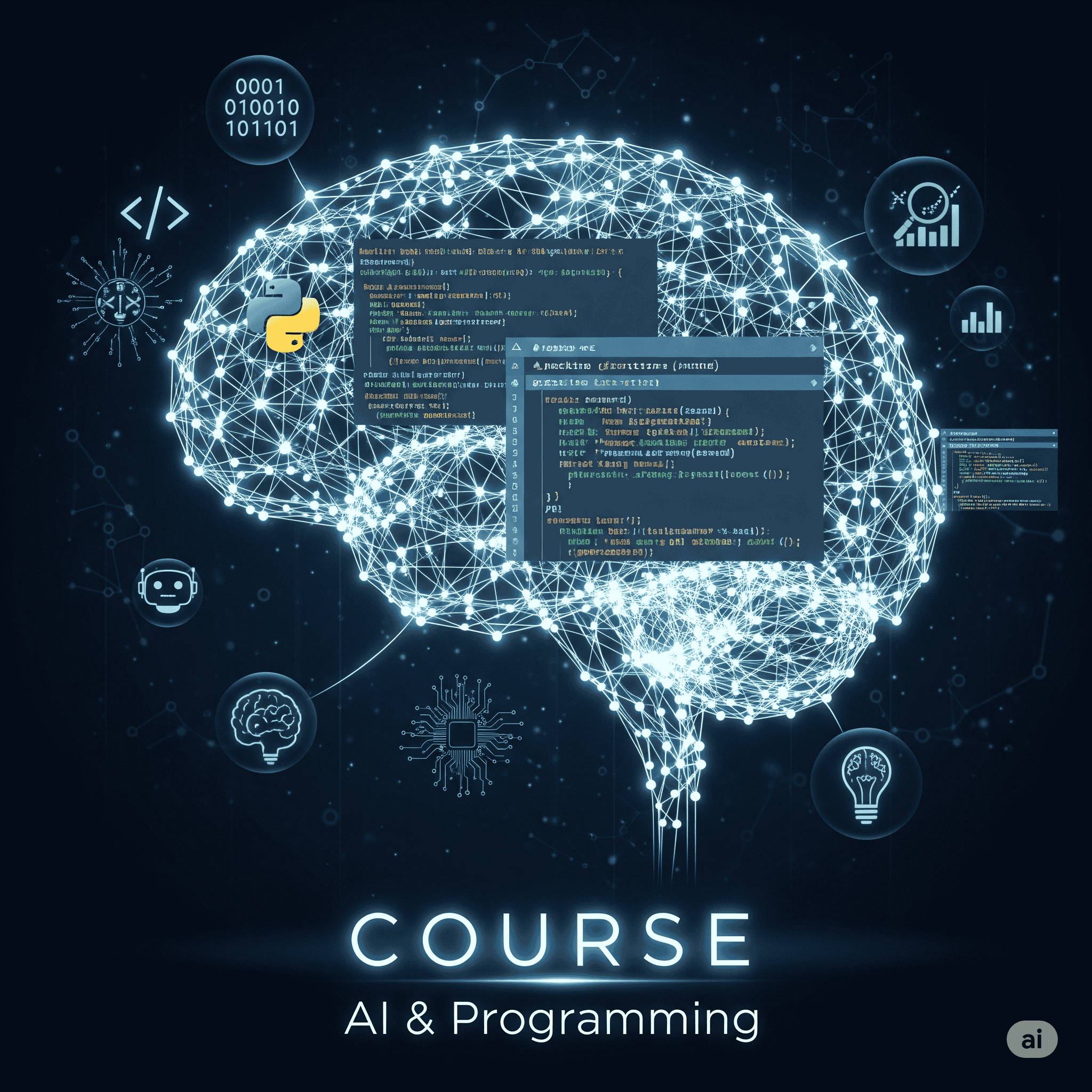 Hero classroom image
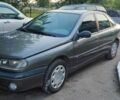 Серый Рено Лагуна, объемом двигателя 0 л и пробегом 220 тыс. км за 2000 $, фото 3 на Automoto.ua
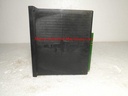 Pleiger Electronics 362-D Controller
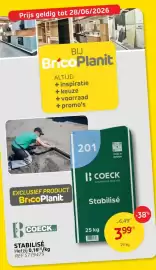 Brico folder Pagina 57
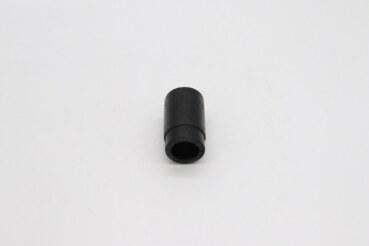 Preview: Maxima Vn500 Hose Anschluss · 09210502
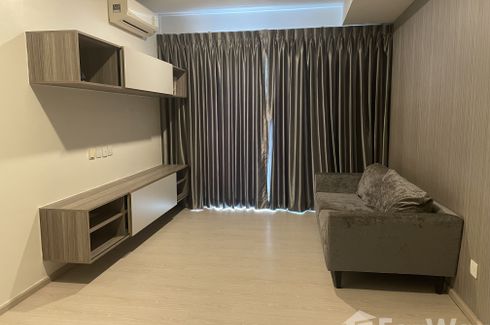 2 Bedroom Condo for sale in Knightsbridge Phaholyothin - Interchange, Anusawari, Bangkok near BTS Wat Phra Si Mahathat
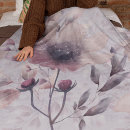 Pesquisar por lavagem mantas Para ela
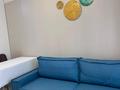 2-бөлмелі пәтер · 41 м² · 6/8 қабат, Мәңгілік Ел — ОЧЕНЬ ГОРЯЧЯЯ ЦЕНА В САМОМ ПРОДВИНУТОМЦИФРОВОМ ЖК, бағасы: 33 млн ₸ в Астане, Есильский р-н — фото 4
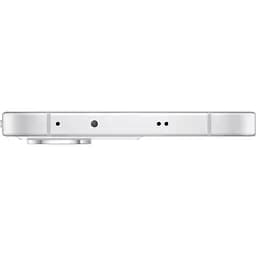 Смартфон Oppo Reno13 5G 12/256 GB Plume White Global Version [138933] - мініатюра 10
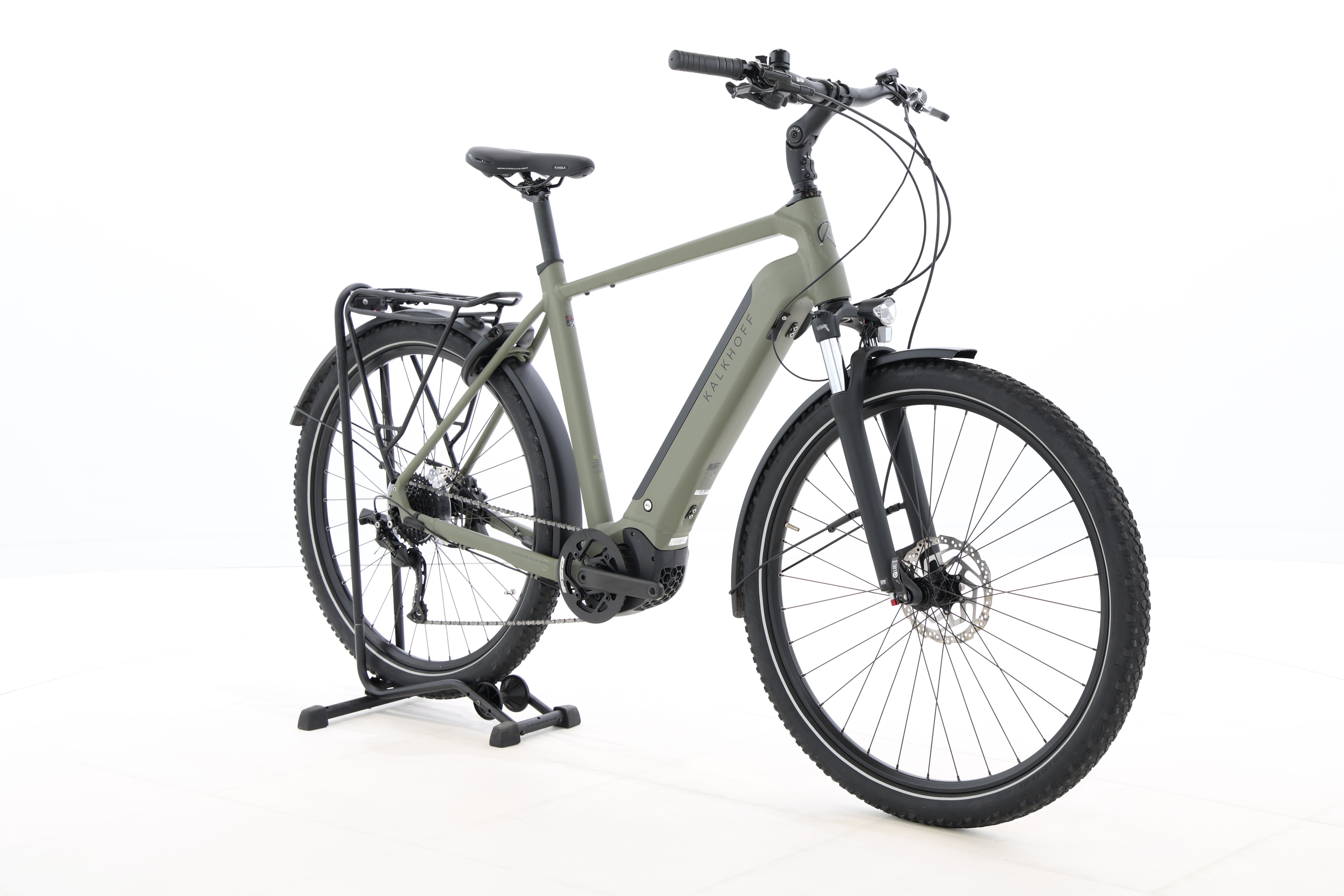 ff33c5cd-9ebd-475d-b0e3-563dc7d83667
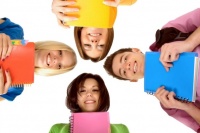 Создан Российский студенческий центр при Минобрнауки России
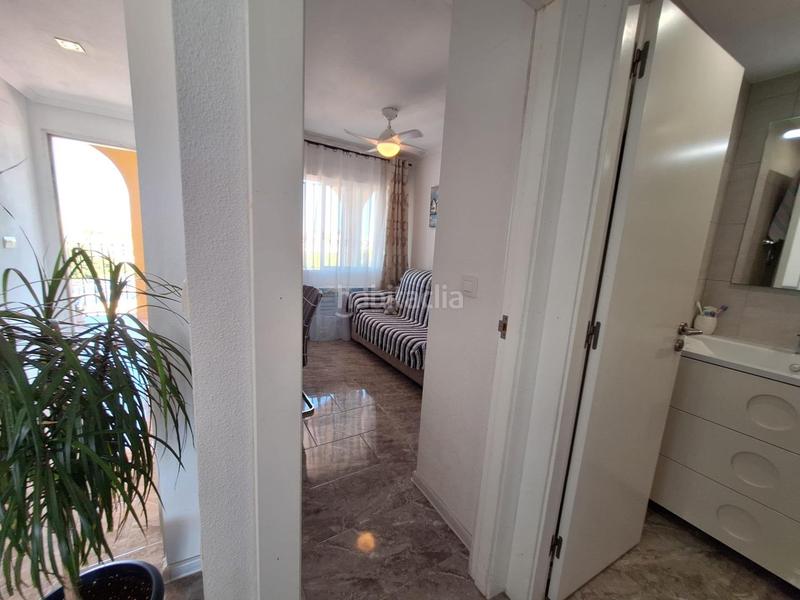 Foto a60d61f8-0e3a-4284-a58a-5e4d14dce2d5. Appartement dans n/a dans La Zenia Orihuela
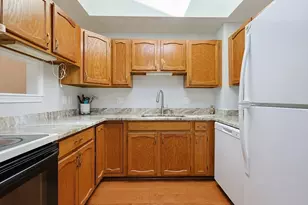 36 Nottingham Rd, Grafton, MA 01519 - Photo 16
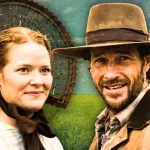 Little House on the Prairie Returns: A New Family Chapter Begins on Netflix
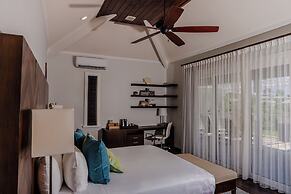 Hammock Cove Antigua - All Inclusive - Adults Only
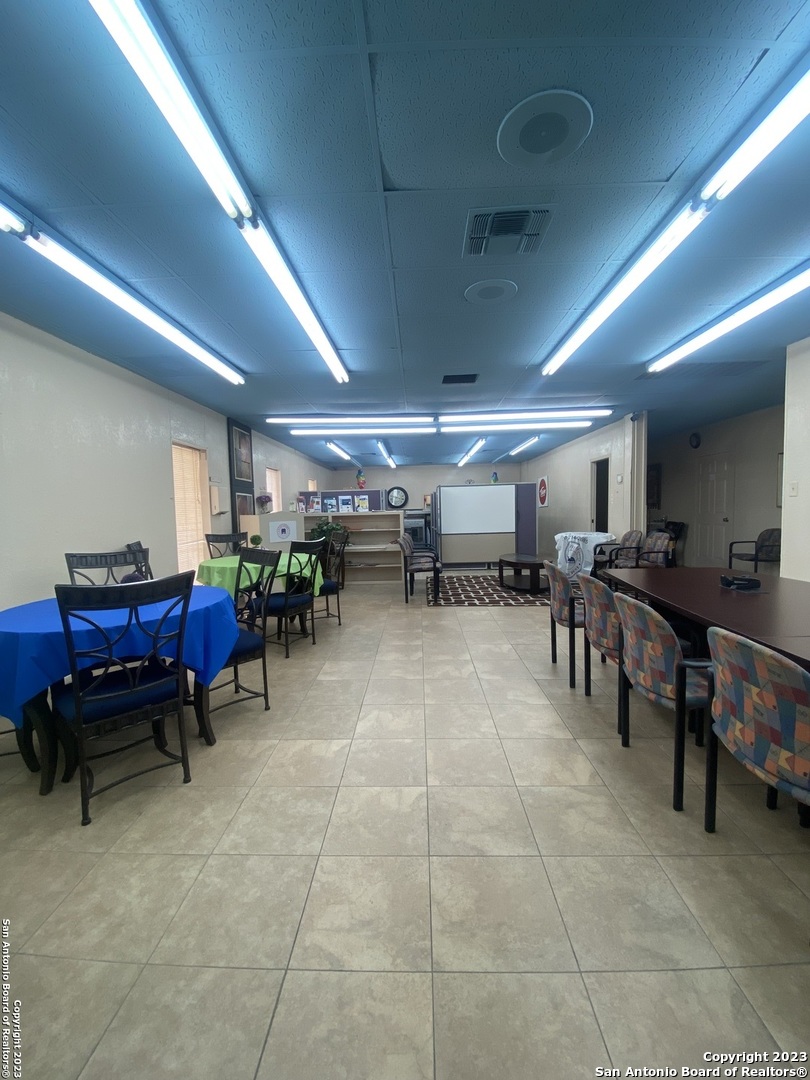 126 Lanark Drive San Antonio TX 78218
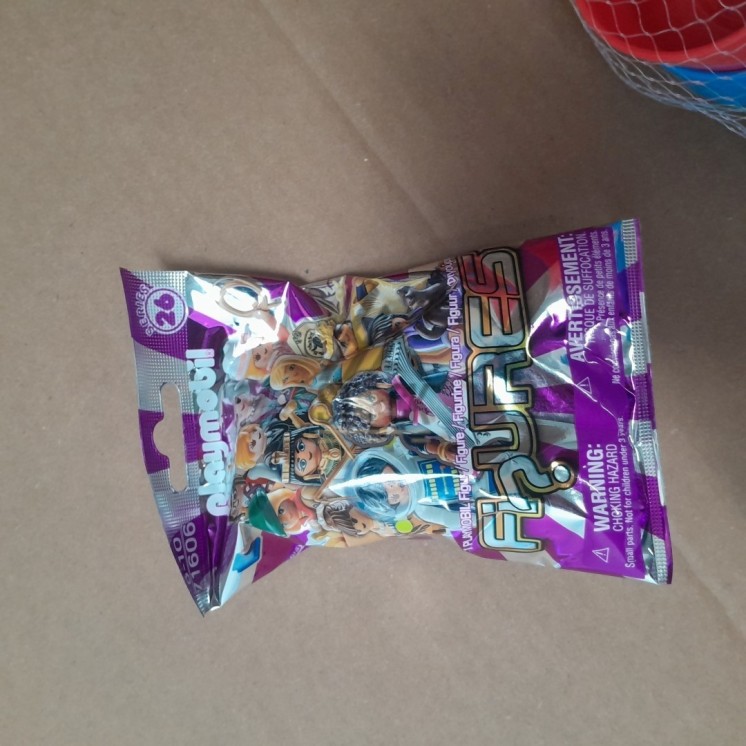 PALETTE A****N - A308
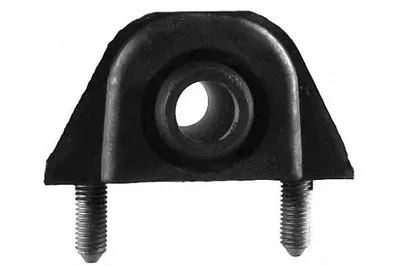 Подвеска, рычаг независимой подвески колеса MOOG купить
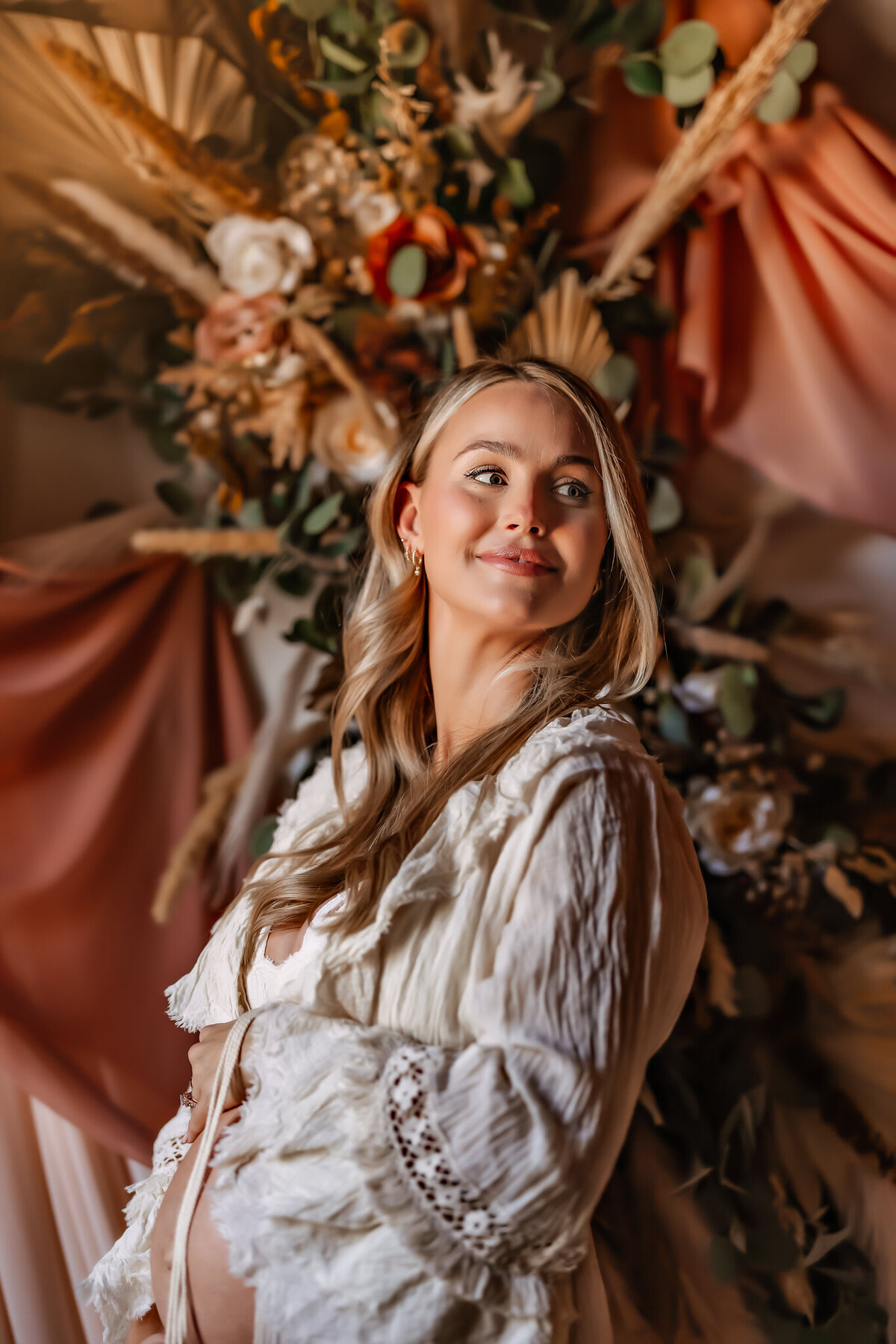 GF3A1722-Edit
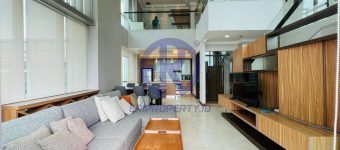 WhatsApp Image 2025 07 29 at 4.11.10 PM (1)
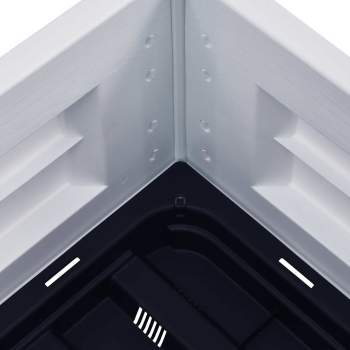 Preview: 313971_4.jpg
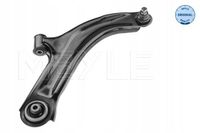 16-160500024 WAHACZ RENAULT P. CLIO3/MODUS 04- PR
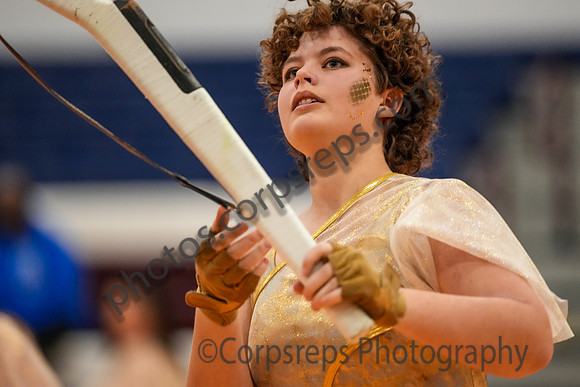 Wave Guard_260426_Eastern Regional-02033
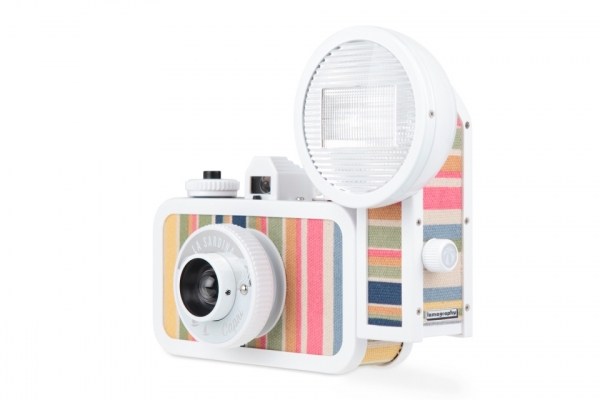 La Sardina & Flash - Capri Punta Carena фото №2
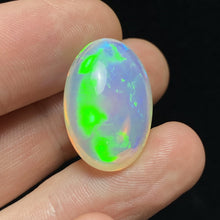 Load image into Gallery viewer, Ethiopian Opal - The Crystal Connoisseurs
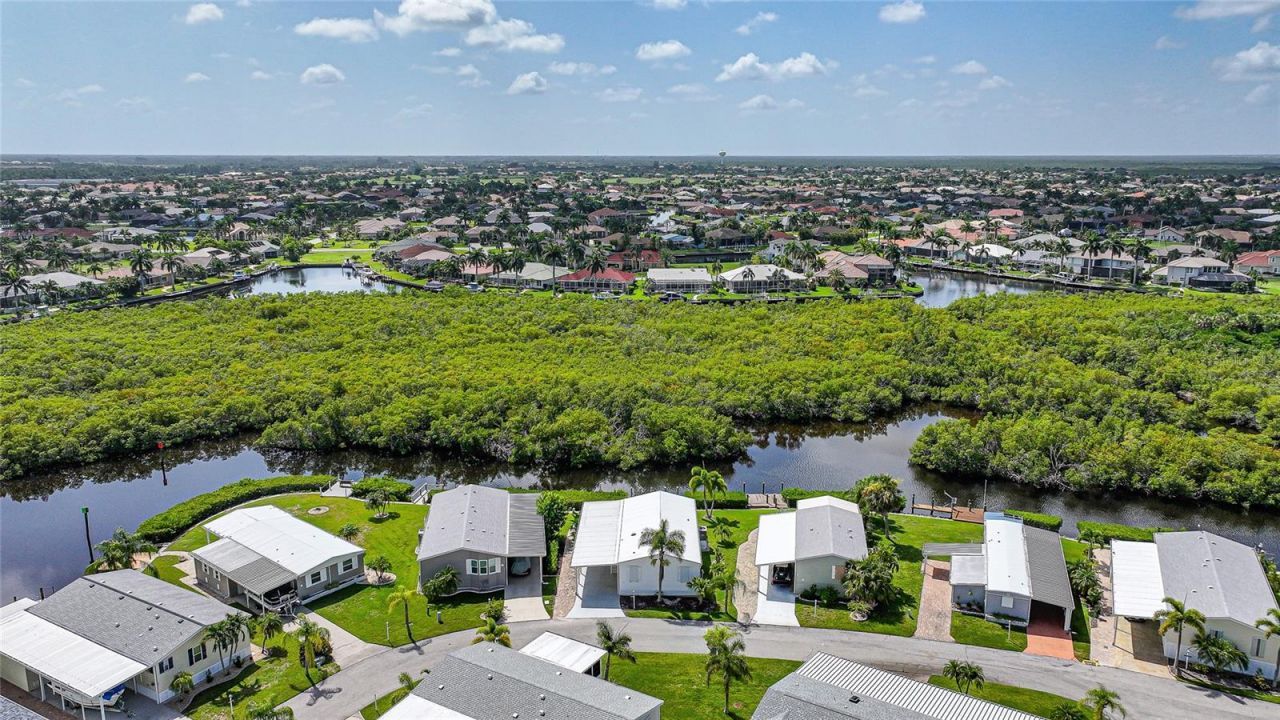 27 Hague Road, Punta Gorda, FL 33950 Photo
════════════════
Leave the pictures aside. Set down exactly the lines from the one with "Foto a60d61f8-0e3a-4284-a58a-5e4d14dce2d5. Appartement" through the final line of the listing above.

 Foto a60d61f8-0e3a-4284-a58a-5e4d14dce2d5. Appartement dans n/a dans La Zenia Orihuela
 36 Nottingham Rd, Grafton, MA 01519 - Photo 16
 Little House on the Prairie Returns: A New Family Chapter Begins on Netflix
 Hammock Cove Antigua - All Inclusive - Adults Only
 126 Lanark Drive San Antonio TX 78218
 PALETTE A****N - A308
 Подвеска, рычаг независимой подвески колеса MOOG купить
 GF3A1722-Edit
 WhatsApp Image 2025 07 29 at 4.11.10 PM (1)
 Preview: 313971_4.jpg
 16-160500024 WAHACZ RENAULT P. CLIO3/MODUS 04- PR
 Wave Guard_260426_Eastern Regional-02033
 La Sardina & Flash - Capri Punta Carena фото №2
 Load image into Gallery viewer, Ethiopian Opal - The Crystal Connoisseurs
 27 Hague Road, Punta Gorda, FL 33950 Photo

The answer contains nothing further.